樹はベッドで寝てしまっていた。そこへ照山がやって来た。燃えるような絵を見た照山は「…お前!」と驚く。照山が物凄い形相で近づいてくるので樹は恐怖で強ばる。照山は樹の首を締め、樹は必死に抵抗する。照山は我に返ると無言で立ち去り、自身が描いた鶴の屏風の前で立ち尽くす。
ー17年前ー
樹の母は、病床で照山に「樹を一人前の画家にしておくれやす」と頭を下げた。病室のすみから、小学生位の樹が心配そうに様子を伺っている。照山が「わかりました」と答えると「ありがとうございます」と感謝する母とは対照的に樹は泣きそうな表情を浮かべた。

外出しようとする菜穂に、せんが「そこまで一緒に行きましょうか」と声をかける。「菜穂さんは大事な用があるのでしょうね」全てを見透かしたようなせんの言葉に菜穂は「これから起こる事で先生にご迷惑がかかる場合はすぐに出ていきます」と言う。せんは「迷惑かどうかはうちが決める事どす。お気張りやす」と背中を押した。

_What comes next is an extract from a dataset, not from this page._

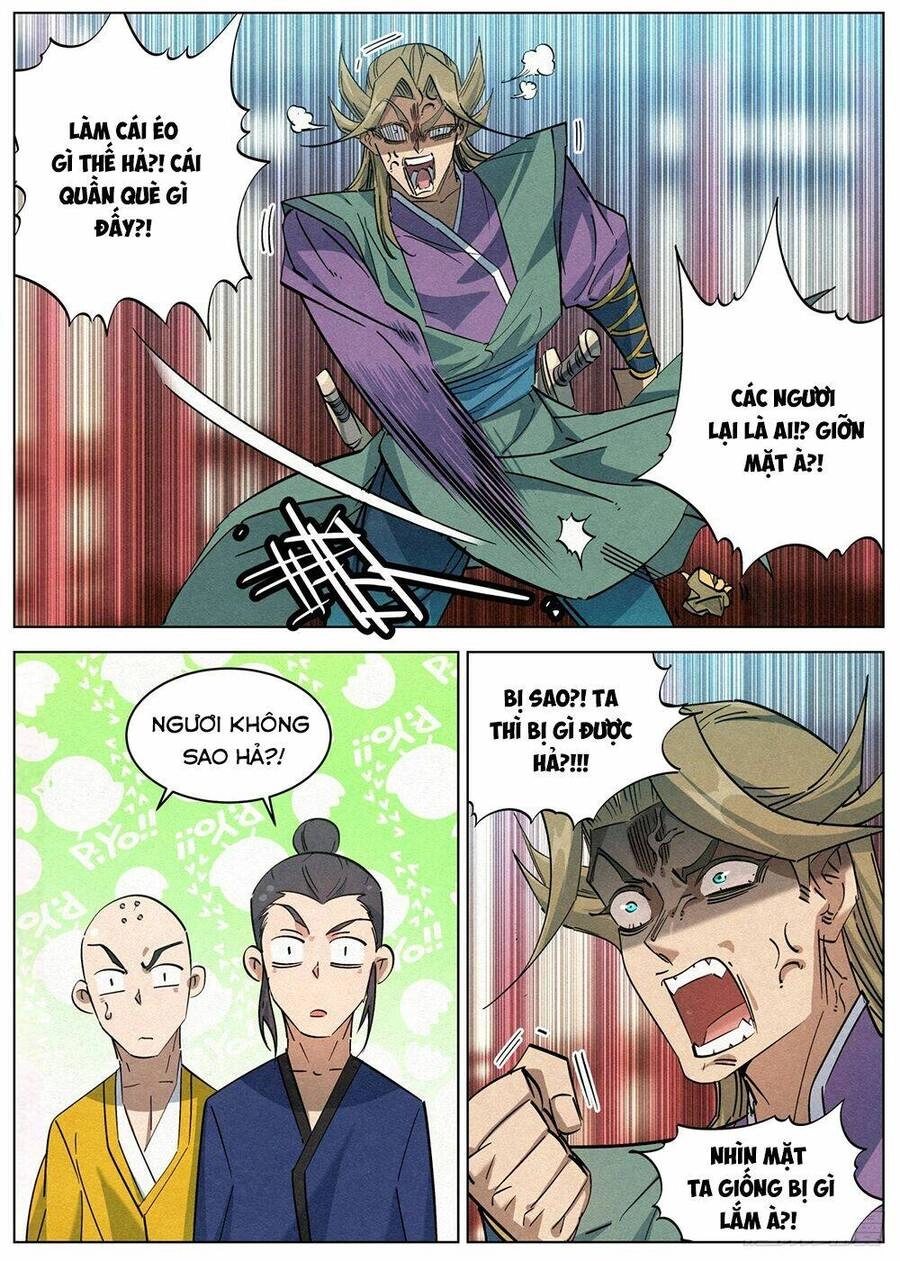 Công Tử Thực Sự Quá Chính Nghĩa Chapter 141 - 11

菜穂が乗ったタクシーが目的地に到着すると表で美濃山が待っていた。「こんな大胆な事を…」と心配する美濃山に菜穂はこの場所を教えてくれた事を感謝しつつも「ここからのご縁は自分で手繰り寄せてみます」と話す。「ここのお方はそんな簡単なお方ではありませんよ」美濃山の忠告に「覚悟は出来ています」と答える菜穂。

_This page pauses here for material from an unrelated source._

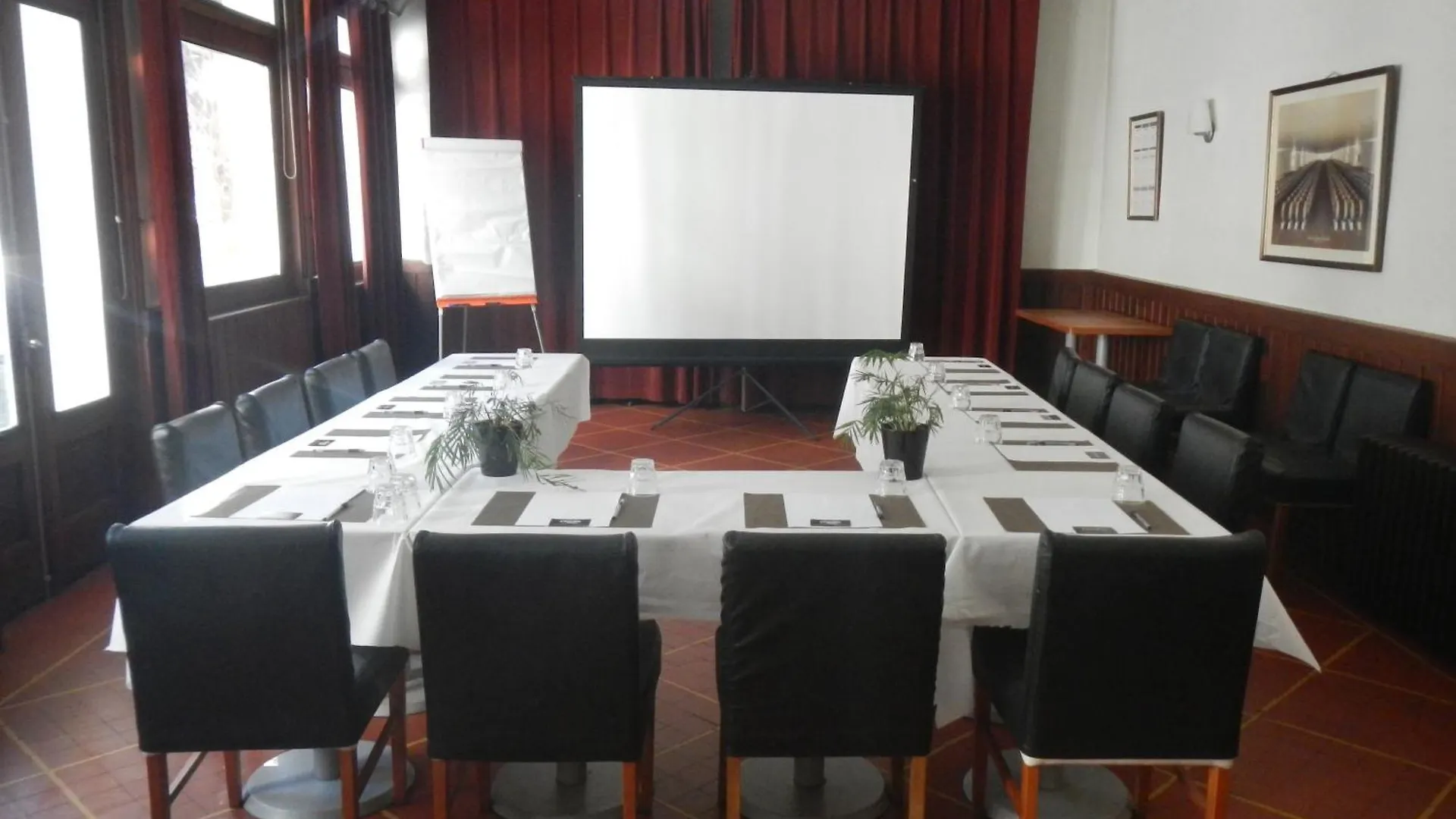 Langley Hotel Gustavia Chamonix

二人が門の前に立つと、重厚な門が開き、家政婦が二人立っていた。「本日は貴重なお時間を頂き、ありがとうございます」菜穂は丁寧に頭を下げる。美濃山が理事長と呼ぶ男性は、読んでいた有吉美術館の冊子から目を離すと菜穂達に椅子を勧めた。美濃山が菜穂に紹介したのは、立野グループ総裁を30年以上努めた立野政志(木場勝己)だった。立野は関西財界の大立者であり、日本屈指のコレクションを誇る立志堂美術館の創設者でもある。

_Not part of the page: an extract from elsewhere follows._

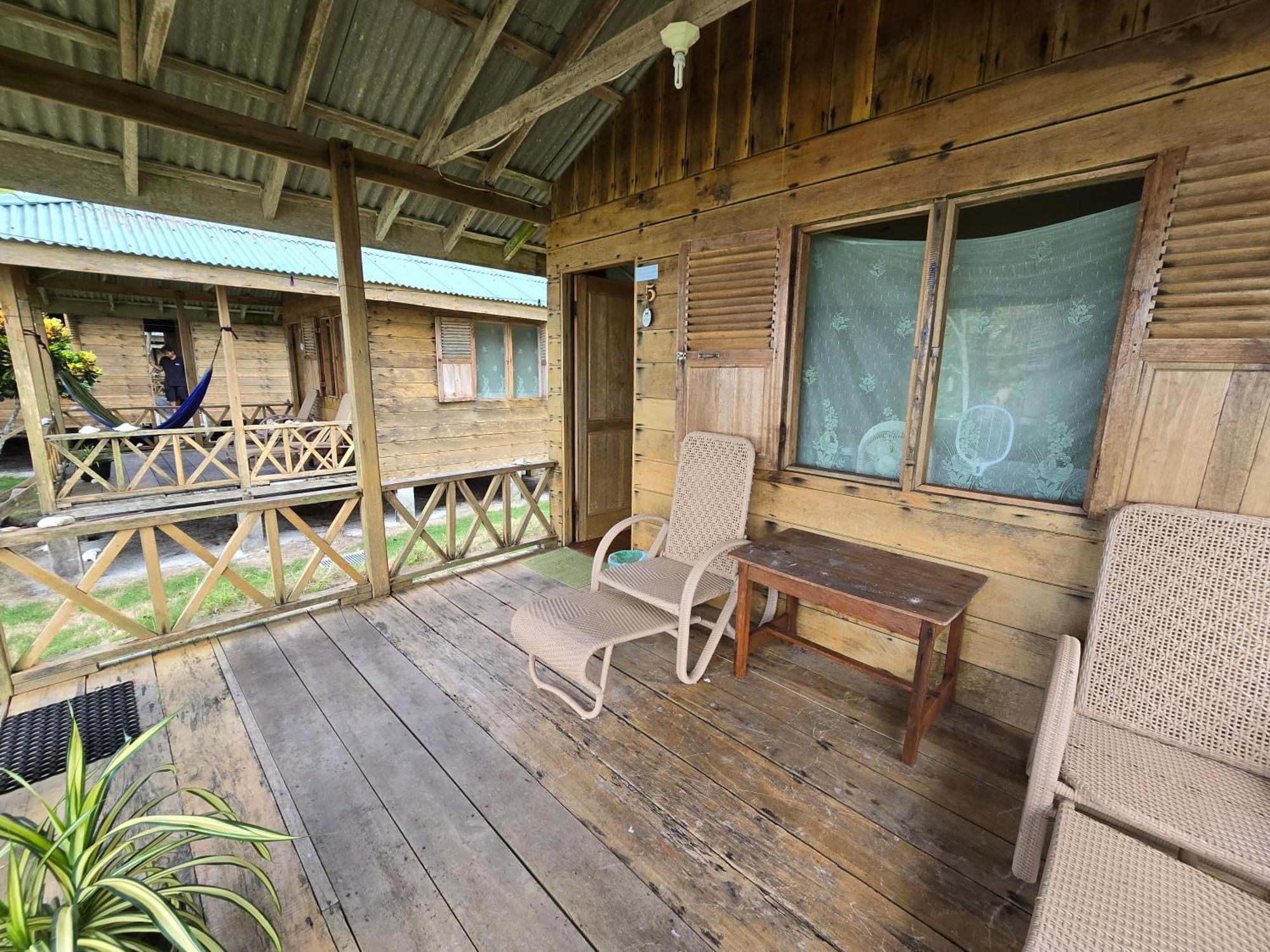 MB Palambak Island Resort Pulau Palambakbesar Bagian luar foto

「大きくなりましたな、菜穂さん」と立野は目を細める。「覚えていて下さったのですね」と菜穂が答えるので美濃山は目を丸くする。立野は、菜穂の祖父・喜三郎の知人だった。喜三郎が京都へ来る際は立野が京都を案内する仲であり、幼い菜穂とも何度も会っていた。「喜三郎さんと菜穂さんが築いてきた美術館の閉鎖は惜しい」と立野は言う。そして「いくら資産家とは言え、喜三郎さんがここまで名画の数々を集めたのか長いこと謎だったが、謎が解けた」「全部あなたのためやった。菜穂さんだけが特別な感覚を持っている事は良く聞かされていました」と立野が続けると菜穂は目頭が熱くなる。菜穂は「私の命にも等しい10人の画家の作品をお譲り出来るのは、立野理事長をおいて他には居ません。どうか有吉菜穂の命を預かったとお思いになって立志堂美術館にお納めください」と頭を下げる。立野は「よくわかりました」「あなたの言葉としても有吉喜三郎の言葉としても受け止めましょう」と答える。見事ご縁を手繰り寄せた菜穂の姿を美濃山は密かに感心する。すると菜穂は「先程、10人の画家と申しましたが11人の画家に訂正いたします」と言う。驚く立野に菜穂は「白根樹という画家を加えさせていただきます」と続けた。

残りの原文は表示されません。